The agreement came together during intense hours of closeddoor negotiations at the Capitol in which lawmakers resurrected talks that had fallen apart over the weekend in a dispute over new Democratic demands to limit immigrant detention. Democrats ultimately dropped some of those demands, which had come under fire from Republicans, clearing the way for a deal.
Lawmakers on both sides said they were motivated to find agreement by the looming specter of another government shutdown Friday night, three weeks after the last one ended.
“What brought us back together I thought, tonight, was we didn’t want that to happen,” said Senate Appropriations Chairman Richard Shelby, R-ala., the lead Republican in the talks.
The deal includes $1.375 billion for 55 miles of fences along the border, compared with $5.7 billion Trump had sought for more than 200 miles of walls. The deal omits a strict new cap Democrats had sought on immigrants detained within the United States - as opposed to at the border. At the same time, it reduces an overall cap on detention beds maintained by the U.S. Immigration and Customs Enforcement agency, although GOP aides said ICE would have enough money and flexibility to maintain its current detention levels and add more when needed.
To avert a shutdown, the deal needs to be written into final legislation, passed by both the House and Senate, and signed into law by the president by midnight Friday.
White House officials were reviewing the terms of the deal, and Shelby said he hoped Trump would be supportive. But details of the compromise disclosed late Monday quickly came under fire from conservatives, raising the prospect of a backlash from the right that could ultimately render it unacceptable to Trump.

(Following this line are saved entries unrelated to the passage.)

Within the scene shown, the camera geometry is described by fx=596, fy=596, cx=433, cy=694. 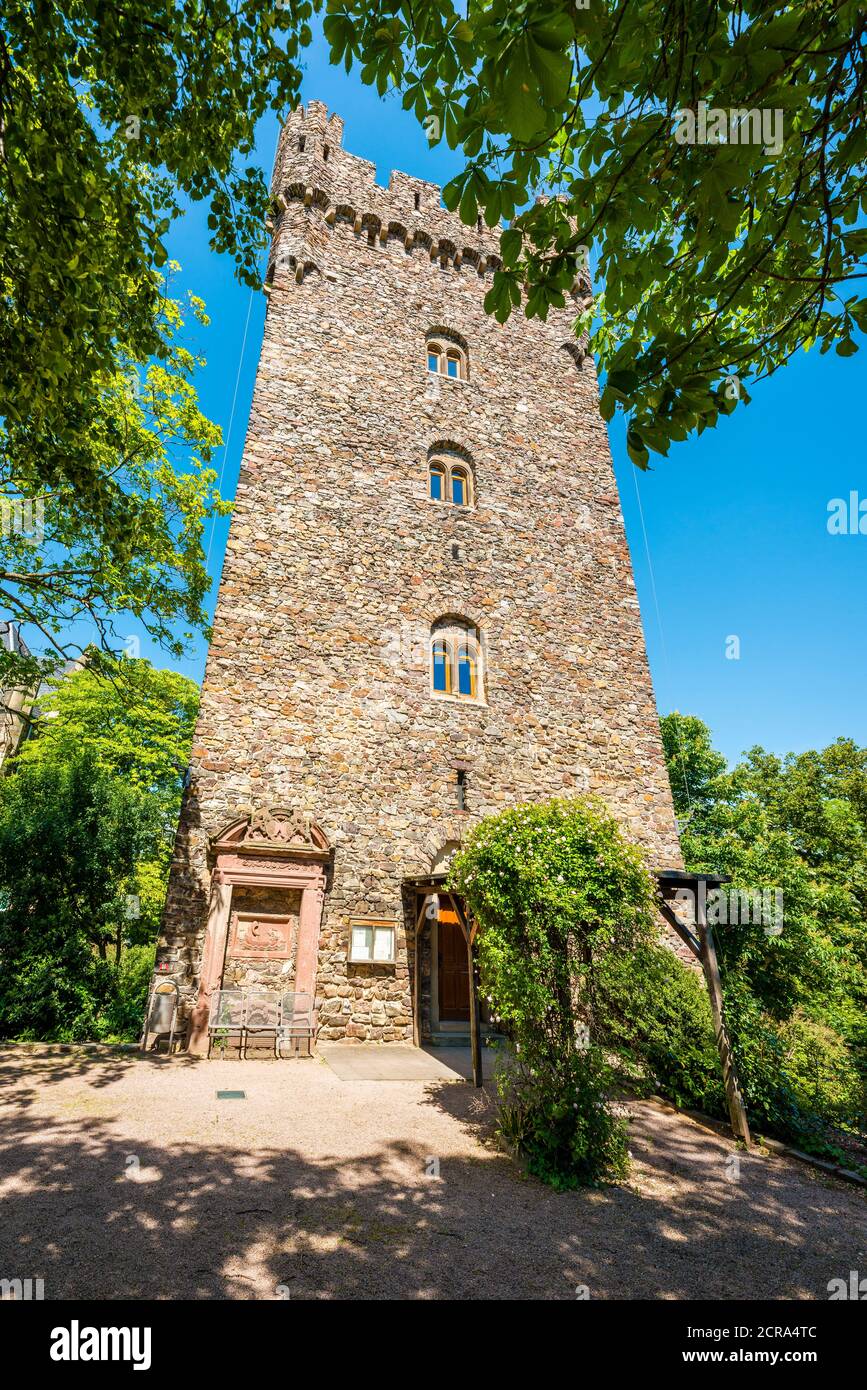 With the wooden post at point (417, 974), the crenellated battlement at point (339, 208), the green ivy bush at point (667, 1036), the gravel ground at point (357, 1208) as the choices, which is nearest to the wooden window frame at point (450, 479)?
the crenellated battlement at point (339, 208)

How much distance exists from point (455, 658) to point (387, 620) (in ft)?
5.06

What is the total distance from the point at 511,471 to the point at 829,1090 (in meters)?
12.1

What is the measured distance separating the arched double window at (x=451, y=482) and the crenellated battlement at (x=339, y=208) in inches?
197

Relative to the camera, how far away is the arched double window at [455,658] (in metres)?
11.3

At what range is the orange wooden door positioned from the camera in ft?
33.2

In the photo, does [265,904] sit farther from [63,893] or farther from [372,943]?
A: [63,893]

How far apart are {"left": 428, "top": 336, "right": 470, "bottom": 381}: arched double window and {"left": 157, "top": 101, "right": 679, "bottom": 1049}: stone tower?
Result: 72 millimetres

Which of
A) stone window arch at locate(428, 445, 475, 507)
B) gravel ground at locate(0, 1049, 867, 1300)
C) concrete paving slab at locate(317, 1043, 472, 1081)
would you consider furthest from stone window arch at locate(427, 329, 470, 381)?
gravel ground at locate(0, 1049, 867, 1300)

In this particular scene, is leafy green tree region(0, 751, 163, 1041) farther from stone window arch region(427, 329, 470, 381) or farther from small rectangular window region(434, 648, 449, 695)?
stone window arch region(427, 329, 470, 381)

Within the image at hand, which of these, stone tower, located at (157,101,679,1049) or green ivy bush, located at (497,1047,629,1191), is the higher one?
stone tower, located at (157,101,679,1049)

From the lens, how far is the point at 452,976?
33.6 ft

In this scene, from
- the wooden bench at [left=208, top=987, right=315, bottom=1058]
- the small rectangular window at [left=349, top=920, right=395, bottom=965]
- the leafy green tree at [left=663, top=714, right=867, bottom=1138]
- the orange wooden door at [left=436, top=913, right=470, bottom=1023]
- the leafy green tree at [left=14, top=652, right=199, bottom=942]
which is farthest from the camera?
the leafy green tree at [left=14, top=652, right=199, bottom=942] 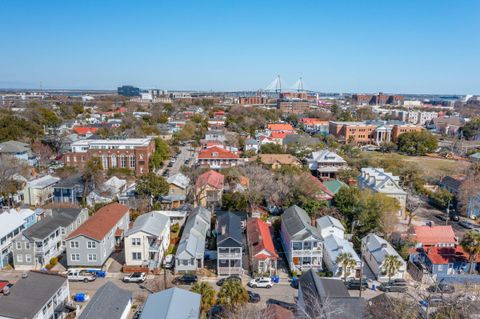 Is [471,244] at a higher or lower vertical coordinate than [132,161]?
lower

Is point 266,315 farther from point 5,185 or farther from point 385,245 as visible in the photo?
point 5,185

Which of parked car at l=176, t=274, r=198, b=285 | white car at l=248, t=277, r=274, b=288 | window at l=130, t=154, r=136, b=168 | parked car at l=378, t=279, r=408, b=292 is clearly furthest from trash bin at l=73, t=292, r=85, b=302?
window at l=130, t=154, r=136, b=168

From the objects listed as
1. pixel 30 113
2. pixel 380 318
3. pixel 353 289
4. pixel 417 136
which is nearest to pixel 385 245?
pixel 353 289

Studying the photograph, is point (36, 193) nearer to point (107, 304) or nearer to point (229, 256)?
point (107, 304)

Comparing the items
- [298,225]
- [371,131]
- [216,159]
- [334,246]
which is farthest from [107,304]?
[371,131]

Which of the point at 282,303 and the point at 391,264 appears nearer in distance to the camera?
the point at 282,303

The president has readied a plan to declare a national emergency on the southern border, which he believes will allow him to redirect taxpayer money from other projects to build parts of a wall - without approval from Congress. Democrats are all but certain to mount a legal challenge to this approach.
At a rally in El Paso, Texas, on Monday night, Trump told a crowd of supporters that he was briefed on the conference committee’s progress as he was walking onstage. “Just so you know - we’re building the wall anyway,” Trump declared to the audience.
The president cast the Democratic proposal on detention beds as a dangerous idea.
The reaction from his conservative allies left the ultimate outcome in doubt, but negotiators said that with the president’s assent, there would be time for the legislation to pass the House and Senate and be signed ahead of the deadline, when large portions of the government, including the Homeland Security Department, would run out of funding and begin to shut down.
Negotiators said the deal would fund all government operations through the end of September, potentially removing shutdown threats for the remainder of the fiscal year.